→ Supplied data:
:::::

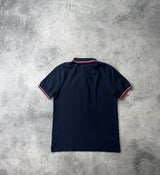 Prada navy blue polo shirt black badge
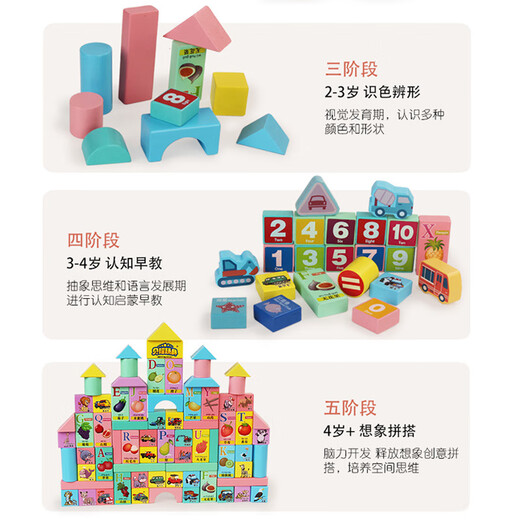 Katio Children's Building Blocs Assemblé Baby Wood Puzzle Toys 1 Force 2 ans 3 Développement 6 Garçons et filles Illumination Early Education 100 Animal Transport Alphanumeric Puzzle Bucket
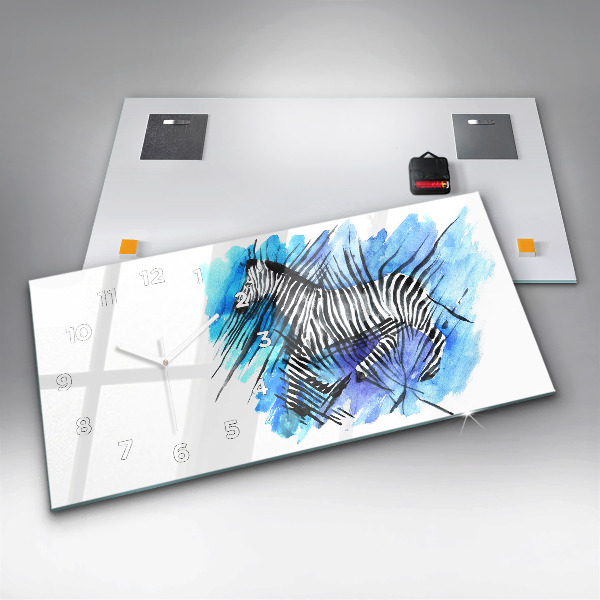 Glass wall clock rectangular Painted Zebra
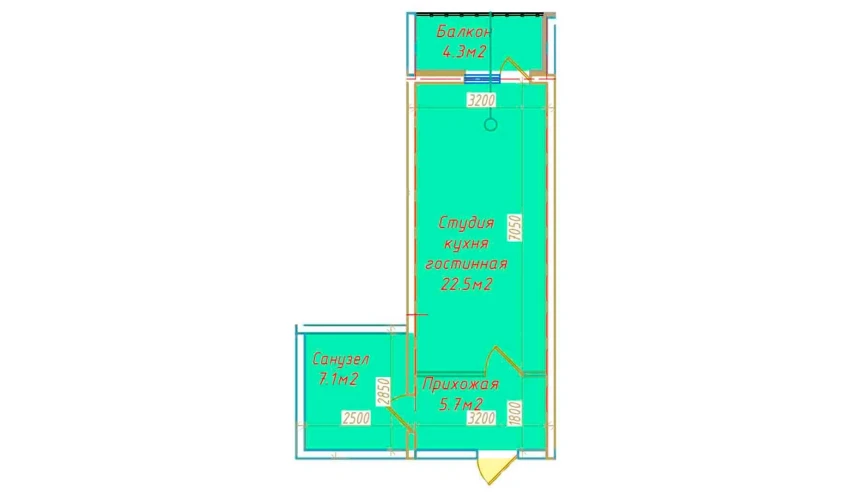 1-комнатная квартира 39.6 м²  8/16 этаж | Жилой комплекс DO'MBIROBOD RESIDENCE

:::::

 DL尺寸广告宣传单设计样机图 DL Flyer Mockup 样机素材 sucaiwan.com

:::::

→ Problem statement: Set down again, word for word, every line from the one with "Prada navy blue polo shirt black badge" to the one with "1-комнатная квартира 39.6" in the entries above, and omit the pictures.

→ Result of the exercise:
 Prada navy blue polo shirt black badge
 Katio Children's Building Blocs Assemblé Baby Wood Puzzle Toys 1 Force 2 ans 3 Développement 6 Garçons et filles Illumination Early Education 100 Animal Transport Alphanumeric Puzzle Bucket
 Glass wall clock rectangular Painted Zebra
 1-комнатная квартира 39.6 м²  8/16 этаж | Жилой комплекс DO'MBIROBOD RESIDENCE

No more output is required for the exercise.